It marks the sixth-longest game in NHL history.


The Panthers had the better chances early in the first period, but some penalty trouble in the back half of the frame swung momentum. Carolina nearly took a lead on their first power play opportunity, but Sergei Bobrovsky slid over to make a huge pad save, and Sebastian Aho ended up putting the puck off a post on a 2-on-1 later, as the game stayed scoreless. But with Florida continuing to take penalties, at the tail end of a long 5-on-3 late in the period, Seth Jarvis wired a one-timer past Bobrovsky to open the scoring before the end of the frame.

We saw a much slower second period afterwards, with only 13 shots exchanged. While Carolina got into a bit of penalty trouble of their own, two successful kills later meant it looked like they’d be able to hang onto their lead into the second intermission.

However, late in the period, Aleksander Barkov took a pass on a rush and beat Andersen with a good shot, tying the game. Then only about two minutes later, Carter Verhaeghe came off the wall and fired a shot past Andersen, putting Florida ahead through 40 minutes.

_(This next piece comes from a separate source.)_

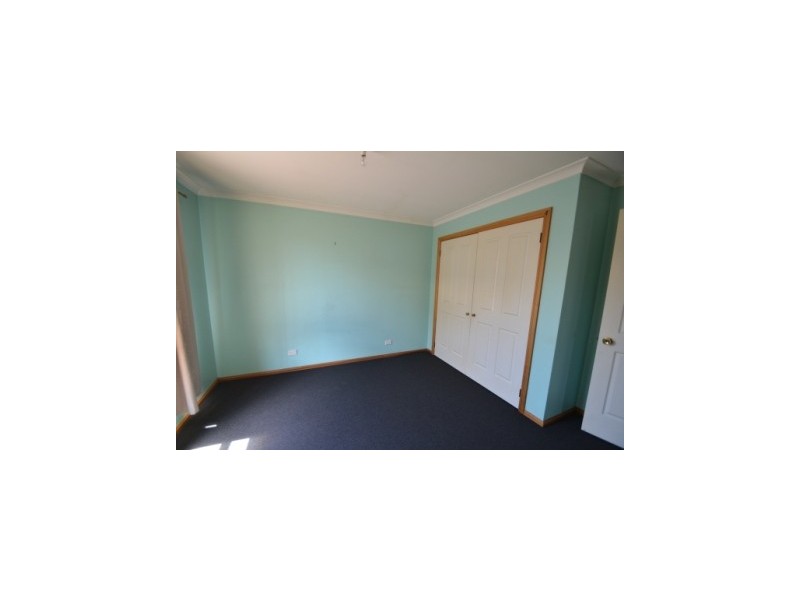 1/17 Ross Avenue, Invermay TAS 7248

Carolina did tie the game back up on a power play early in the third period though, as Stefan Noesen finished off an excellent passing play from Martin Necas and Seth Jarvis. Carolina held Florida to basically no offense in the third period, outshooting the Panthers 14-2, but couldn’t convert on some great chances (including a Martin Necas breakaway in back half of frame), keeping the score at 2-2.

Then came overtime.

It looked like the game was over pretty quick into the extra frame. Jack Drury gave the puck up in his own end and after it stayed in the zone, Ryan Lomberg ended up capitalizing on Andersen oversliding, putting the puck into the open net. However, after a review, it was determined there was goalie interference from Colin White, and the game kept going.

Florida almost ended the game right after the goal was called off with a flurry in front, resulting in a Panthers power play, but they couldn’t convert and things slowed down a bit after that. Carolina did have a great chance on a power play of their own later, with Jarvis hitting a crossbar, but nothing was solved through the first overtime frame.

I don’t have a maximum word count on these articles but can’t bring myself to detail out three more periods of scoreless hockey, so for a summary of overtime overall:

Florida was the better team through a lot of overtime after that. How on earth the game got as far as it did with some of the chances exchanged is hard to believe. What a goaltending battle.

You’d think there were limited opportunities as the game went on, and while it was certainly dull at times, there were still some great chances exchanged. With players just completely gassed, there were tons of broken plays and we saw some huge saves from both sides.

But just as it looked like the game was destined for a fifth overtime period, Matthew Tkachuk wired a shot past Andersen with 12 seconds left in the fourth overtime period, giving Florida the Game 1 win.


I think it’s hard to criticize a team too much once you get to more than a second full game of hockey played in a night. Carolina had their chances and were the better team through regulation.

That said, the Hurricanes may have got lucky on that goal being called back to begin with. White was in the crease and made contact, but to me, it’s a tough argument that his contact had a major impact on Andersen not being able to get into position for the shot.

Obviously, losing Game 1 with it being the marathon that it was, it’s a tough loss to open the series. It’s also new territory for the Hurricanes this postseason, after pulling ahead 2-0 in each of their two prior series wins. With the way Carolina played before the point it became clear everyone was exhausted though, there’s reason for optimism.

The power play went 2-for-6, Andersen was excellent, and the Hurricanes did a good job limiting chances through regulation. Credit to the team's top-four group as well, with Brent Burns and Jaccob Slavin each playing over 50 minutes in the loss, and Brady Skjei and Brett Pesce getting close to that mark as well.

It’s going to be a good, close series and Game 1 just confirmed it. That said, the Hurricanes need a Game 2 win to avoid going back to Florida in a huge hole, which would be tough to climb out of.

The teams will be back in action tomorrow for Game 2.